= Available records =
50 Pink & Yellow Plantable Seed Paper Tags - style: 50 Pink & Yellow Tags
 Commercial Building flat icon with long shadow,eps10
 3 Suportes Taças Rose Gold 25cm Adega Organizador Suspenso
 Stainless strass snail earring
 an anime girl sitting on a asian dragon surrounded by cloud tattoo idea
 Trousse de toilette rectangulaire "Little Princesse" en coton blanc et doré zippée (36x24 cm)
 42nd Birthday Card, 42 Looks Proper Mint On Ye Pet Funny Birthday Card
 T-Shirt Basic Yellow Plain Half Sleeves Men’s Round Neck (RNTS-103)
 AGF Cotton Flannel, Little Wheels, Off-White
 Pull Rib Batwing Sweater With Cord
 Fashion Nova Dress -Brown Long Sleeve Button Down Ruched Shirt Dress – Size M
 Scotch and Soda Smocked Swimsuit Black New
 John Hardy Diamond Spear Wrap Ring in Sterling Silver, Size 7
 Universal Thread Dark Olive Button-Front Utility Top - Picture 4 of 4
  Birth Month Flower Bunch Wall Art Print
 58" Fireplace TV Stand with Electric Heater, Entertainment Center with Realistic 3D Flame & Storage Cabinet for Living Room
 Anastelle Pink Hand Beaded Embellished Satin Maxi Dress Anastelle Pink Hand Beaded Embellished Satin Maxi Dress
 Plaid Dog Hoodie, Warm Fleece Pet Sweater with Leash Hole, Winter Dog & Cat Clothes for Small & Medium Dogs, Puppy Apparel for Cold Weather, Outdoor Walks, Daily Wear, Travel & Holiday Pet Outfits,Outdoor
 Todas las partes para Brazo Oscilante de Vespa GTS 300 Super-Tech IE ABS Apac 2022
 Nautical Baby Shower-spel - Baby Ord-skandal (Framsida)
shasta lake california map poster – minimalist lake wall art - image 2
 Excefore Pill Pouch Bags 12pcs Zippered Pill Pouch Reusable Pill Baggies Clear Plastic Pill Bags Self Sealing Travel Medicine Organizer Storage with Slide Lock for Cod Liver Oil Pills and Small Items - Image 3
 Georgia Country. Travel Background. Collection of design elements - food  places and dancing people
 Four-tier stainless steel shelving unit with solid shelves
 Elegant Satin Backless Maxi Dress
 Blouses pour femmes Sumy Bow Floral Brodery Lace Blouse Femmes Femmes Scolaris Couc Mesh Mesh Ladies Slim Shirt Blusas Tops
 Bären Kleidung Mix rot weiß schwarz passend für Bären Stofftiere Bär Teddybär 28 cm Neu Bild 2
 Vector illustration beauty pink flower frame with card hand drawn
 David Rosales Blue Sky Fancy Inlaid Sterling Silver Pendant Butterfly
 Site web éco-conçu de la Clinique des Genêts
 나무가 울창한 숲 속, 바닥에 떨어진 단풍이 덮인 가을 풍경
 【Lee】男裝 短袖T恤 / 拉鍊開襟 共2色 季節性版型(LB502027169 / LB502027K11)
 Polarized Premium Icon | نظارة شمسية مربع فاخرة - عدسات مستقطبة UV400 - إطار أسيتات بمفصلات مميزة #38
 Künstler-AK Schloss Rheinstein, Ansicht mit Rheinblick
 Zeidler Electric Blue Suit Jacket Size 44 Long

= Exercise directions =
Your task is to gather all lines from the entries above that hold the word "Electric".

= Reply =
 58" Fireplace TV Stand with Electric Heater, Entertainment Center with Realistic 3D Flame & Storage Cabinet for Living Room
 Zeidler Electric Blue Suit Jacket Size 44 Long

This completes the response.